Outside the courthouse, Rosemary Dillard, whose husband Eddie was on the hijacked airliner that flew into the Pentagon, said she felt a sense of vindication from the verdict.

"This man has no soul, has no conscience," she said of the only man charged in the U.S. in the attacks that killed nearly 3,000 people. "What else could we ask for but this?"

She said: "He deserves the death penalty — 2,997 people prove that he deserves it." Dillard added that the attacks affected everyone: "None of you feel the way you did before Sept. 11."

But in a trial that also focused on the government's ineptness in following up on pre-Sept. 11 leads, federal agencies were not let off the hook by victims' families.
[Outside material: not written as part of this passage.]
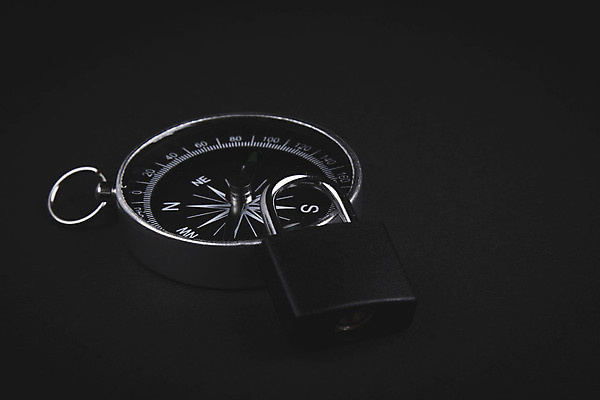 포토 JPG 해외이미지 여행 백그라운드 컨셉 비즈니스 교통시설 휴가 안전 사람없음 여행객 자유 금지 깃발 보호 나침반 심볼 잠금 보안 여권 법 그만 대패 전국 제어 이민 국경 해외202309 해외포토 교통 이동 사람 시설 파일형식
Scott said as much as he wants Moussaoui to be executed, he thinks the government deserves equal blame "for not acting on certain indicators that could have prevented 9/11 from happening."

Rosaleen Tallon, whose firefighter brother, Sean Tallon, was killed at the trade center, agreed "the government really dropped the ball."

"We knew he was guilty," Tallon said of Moussaoui.

But she said her religious beliefs do not support the death penalty.

"I personally would love if he had to sit for the next 30 or 40 years of his life," she said. "He almost wants the death penalty. He really almost wants to go out a martyr."

Bill Doyle, who son Joseph died in the World Trade Center, said Moussaoui deserves the death penalty. "Apparently he knew about it, so I think the verdict is just."